Dave Chinner <david@xxxxxxxxxxxxx> · Thu, 12 Oct 2017 10:58:23 +1100

On Wed, Oct 11, 2017 at 04:41:27PM -0700, Darrick J. Wong wrote:
> On Thu, Oct 12, 2017 at 10:15:44AM +1100, Dave Chinner wrote:
> > From: Dave Chinner <dchinner@xxxxxxxxxx>
> > 
> > generic/166 is takes way too long to run on iscsi disks - over an *hour* on
> > flash based iscsi targets. In comparison, it takes 18s to run on a pmem device.
> > 
> > The issue is that it takes 3-4s per file write cycle on slow disks, and it does
> > a thousand write cycles.
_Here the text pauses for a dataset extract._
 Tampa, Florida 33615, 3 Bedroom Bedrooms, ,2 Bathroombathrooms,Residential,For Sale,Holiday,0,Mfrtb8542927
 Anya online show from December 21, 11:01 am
The problem is taht reflink is so much faster than the
> > write cycle that it's doing many more snapshots on slow disks than fast
> > disks, and this slows it down even more.
> > 
> > e.g. the pmem system that takes 18s to run does just under 1000 snapshots -
> > roughly one per file write. 20 minutes into the iscsi based test, it's only
> > done ~300 write cycles but there are almost 10,000 snapshots been taken. IOWs,
> > we're doing 30 snapshots a file write, not ~1.
> > 
> > Fix this by rate limiting snapshots to at most 1 per whole file write. This
> > reduces the number of snapshots taken on fast devices by ~50% (runtime on pmem
> > device went from 18s -> 8s) but reduced it to 1000 on slow devices and reduced
> > runtime from 3671s to just 311s.
> > 
> > Signed-Off-By: Dave Chinner <dchinner@xxxxxxxxxx>
> > ---
> >  tests/generic/166 | 11 +++++++++++
> >  1 file changed, 11 insertions(+)
> > 
> > diff --git a/tests/generic/166 b/tests/generic/166
> > index 8600a133f2d3..9b53307b761c 100755
> > --- a/tests/generic/166
> > +++ b/tests/generic/166
> > @@ -55,6 +55,7 @@ _scratch_mount >> $seqres.full 2>&1
> >  
> >  testdir=$SCRATCH_MNT/test-$seq
> >  finished_file=/tmp/finished
> > +do_snapshot=/tmp/snapshot
> >  rm -rf $finished_file
> >  mkdir $testdir
> >  
> > @@ -68,15 +69,24 @@ _pwrite_byte 0x61 0 $((loops * blksz)) $testdir/file1 >> $seqres.full
> >  _scratch_cycle_mount
> >  
> >  # Snapshot creator...
> > +#
> > +# We rate limit the snapshot creator to one snapshot per full file write.  this
> > +# limits the runtime on slow devices, whilst not substantially reducing the the
> > +# number of snapshots taken on fast devices.
> 
> Hmm... but the whole point of this test is to try to get a simultaneous
> reflink and dio rewrite (of the source file) to collide and crash the
> system.  Adding $do_snapshot would bias the race towards the beginning
> of the dio rewrite, whereas the goal was to try to make it happen
> anywhere.

As we discussed on IRC, that's still happens on faster devices
because the sleep time is longer than the file write time. On slow
devices, I don't think it really matters because the reflink race
windows are so small compared to the IO times...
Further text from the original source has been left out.